Terverifikasi Administratif dan Faktual oleh Dewan Pers
Pelatih Paris Saint-Germain, Unai Emery, adalah penggila statistik. Karena itu, sang peracik strategi asal Spanyol tersebut pasti paham kalau dirinya sedang berada dalam tekanan.
Penulis: Sem Bagaskara
Sebagai arsitek PSG, Carlo Ancelotti (2011-2013) baru merasakan kekalahan perdana di Ligue 1 setelah tim melakoni 11 laga. Sang suksesor, Laurent Blanc (2013-2016), malah lebih lama lagi, tepatnya usai Les Parisiens mentas di pertandingan ke-16.
Mengacu kepada catatan tersebut, rapor Emery yang mulai bertugas di PSG per 28 Juni 2016 terlihat jelek. Kekalahan pertama di Ligue 1 baginya muncul lebih dini, yaitu pada pekan ke-3 dalam duel versus Monaco (1-3).
Statistik Emery kian tak cemerlang karena pada pekan berikut, PSG ditahan imbang Saint-Etienne 1-1.
Artinya, Les Parisiens racikan Emery cuma mengumpulkan tujuh poin dalam empat pertandingan awal liga, catatan terburuk sejak 2012-2013 (enam poin dalam empat laga).
“Saya adalah pelatih. Ketika tim menang, kritik akan positif. Saat kalah, masukan akan menjadi lebih negatif. Selalu seperti itu,” ujar Emery di L’Equipe.
Sorotan kepada Emery tak cuma dipicu oleh hasil kurang meyakinkan di Ligue 1. Ia dianggap terburu-buru meletakkan filosofinya.
Emery menghendaki PSG bermain lebih langsung. Sangat berlawanan dari skuat racikan Blanc dalam tiga musim belakangan, yang mengandalkan penguasaan bola.
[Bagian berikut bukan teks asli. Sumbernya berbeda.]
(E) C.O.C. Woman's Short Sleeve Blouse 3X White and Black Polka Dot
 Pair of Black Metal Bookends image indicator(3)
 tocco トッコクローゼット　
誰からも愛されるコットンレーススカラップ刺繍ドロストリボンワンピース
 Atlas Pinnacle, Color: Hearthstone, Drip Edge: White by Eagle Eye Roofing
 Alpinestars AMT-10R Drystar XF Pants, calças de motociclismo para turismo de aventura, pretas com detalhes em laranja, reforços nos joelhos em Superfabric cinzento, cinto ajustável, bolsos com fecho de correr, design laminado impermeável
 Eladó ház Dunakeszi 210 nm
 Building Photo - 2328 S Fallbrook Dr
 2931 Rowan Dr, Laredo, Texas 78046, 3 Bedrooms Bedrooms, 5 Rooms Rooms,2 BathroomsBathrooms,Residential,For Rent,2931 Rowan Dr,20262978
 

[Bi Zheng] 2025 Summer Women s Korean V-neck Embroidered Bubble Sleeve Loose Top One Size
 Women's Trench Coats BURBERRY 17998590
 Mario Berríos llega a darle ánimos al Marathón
Alhasil, pemain kaget dan tampak masih meraba-raba keinginan Emery. Situasi diperburuk dengan kabar munculnya benih keretakan relasi eks pelatih Sevilla tersebut dengan rekrutan anyar, Hatem Ben Arfa.
Emery telah dua kali mengeluarkan “kartu kuning” kepada Ben Arfa. “Ia harus bekerja lebih keras,” tutur sang ahli strategi kepada RMC.
“Ben Arfa mesti lebih sering bekerja sama dengan rekan setim. Saat di Nice, ia sering beraksi secara individu,” ujar Emery dalam konferensi pers menjelang duel kontra Saint-Etienne.